One of the authors, Daniel van Denderen of the Wageningen Institute for Marine Resources and Ecosystem Studies, said that while trawling removed fish such as large crustaceans and shellfish, this is fortunate for smaller, softer species in the sandy seabed, such as worms, which with fewer predators flourish.

Since the smaller species tend to be the main source of food for fish, the overall effect is more marine life. "Fish persist at trawling intensities where they would have gone extinct otherwise," he said.

Mr Anderson said: "We fish the same seabed all the time. We have been doing that since I left the school.

"You don’t just ruin a place and move on - if that was the case the fishing would have been finished a long time ago.

"Flugga is the area we have fished with the Alison Kay basically since we got the boat.
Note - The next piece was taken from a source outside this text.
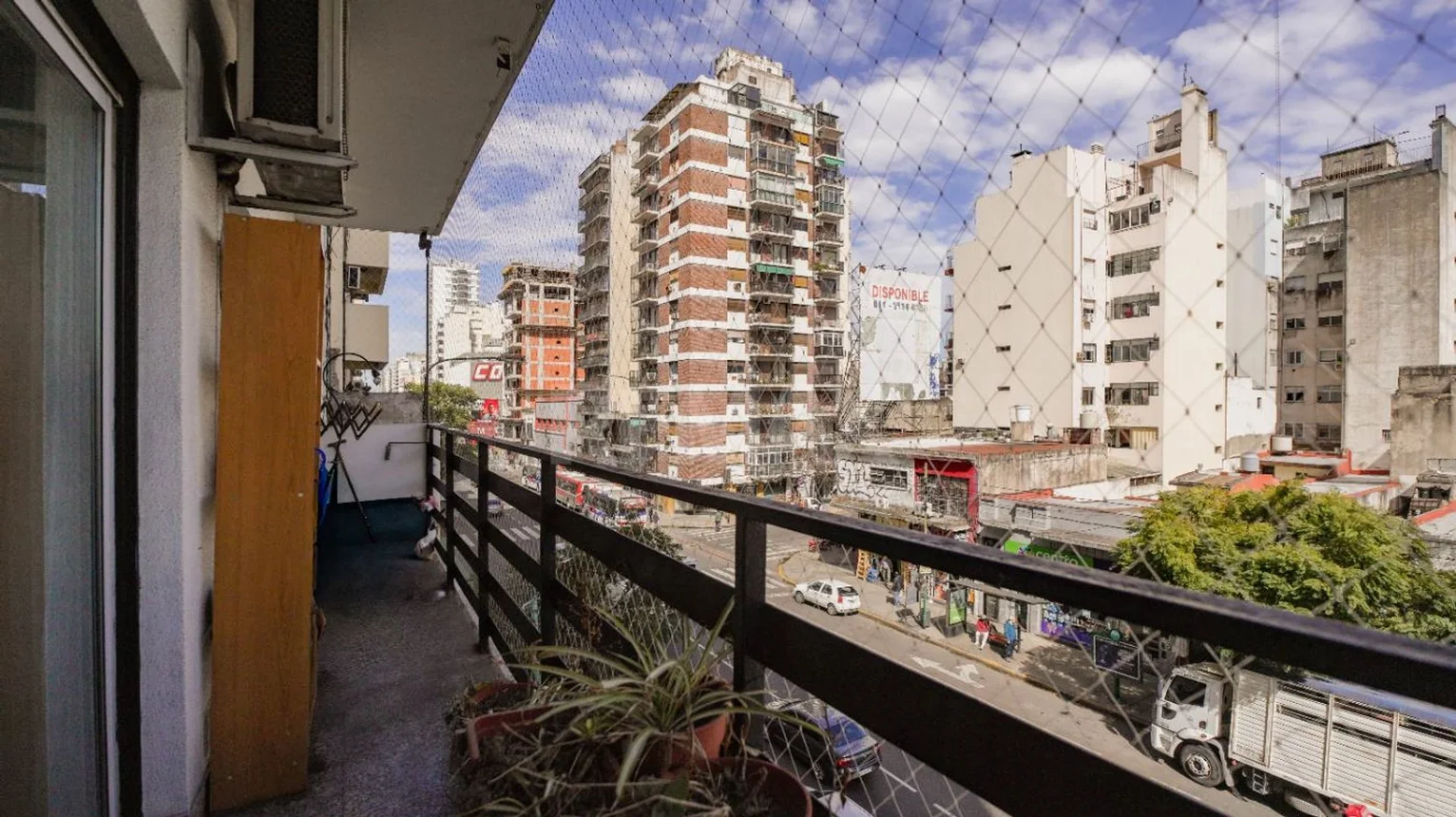Departamento de 4 ambientes en venta en Villa Crespo, Avenida Corrientes 5900, foto 2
It’s the same tows, we just shift around a bit with the seasons.

"The fishing is as good now as I can ever remember - we’ve never caught so much fish so quickly - and quality fish too."

He added: "But of course I’m a fisherman and the environmental NGOs will say, ‘oh he would say that, wouldn’t he’. So it’s good to see some scientific backing for what we see on the grounds - and I hope more work will be done on this."

Mr Anderson said he was not opposed to cordoning off areas of seabed to protect sensitive marine ecosystems, temporarily or permanently if necessary.

"If you get a lot of small cod, for instance, that hang around an area, it’s maybe beneficial to say ok, we’ll leave that bit. I don’t mind doing a bit of that. But when you get the more extreme ‘trawling is bad per se’ stuff, there are a lot of arguments against that.

"I think the idea that you are destroying and you move on - I have seen NGOs making the point that an area something like half the size of Brazil is destroyed by trawling every year and you move on - that is just nonsense."

Leslie Tait, chairman of Shetland Fishermen’s Association, said: "There seems to be a general assumption that bottom trawling takes place in all areas of the seabed. This is far from the truth. In any one year only around 20 per cent of the area around Shetland is fished, and over the previous six years only 40 per cent of the area in total. This shows that the same areas are productive year on year.

"I believe these figures to be similar to the whole North Sea and it is heartening to see some reality from the Dutch scientists.

"Bottom trawling can in many ways be likened to farming, only a lot less harmful as no pesticides are used, buy we hear no cries to ban farming."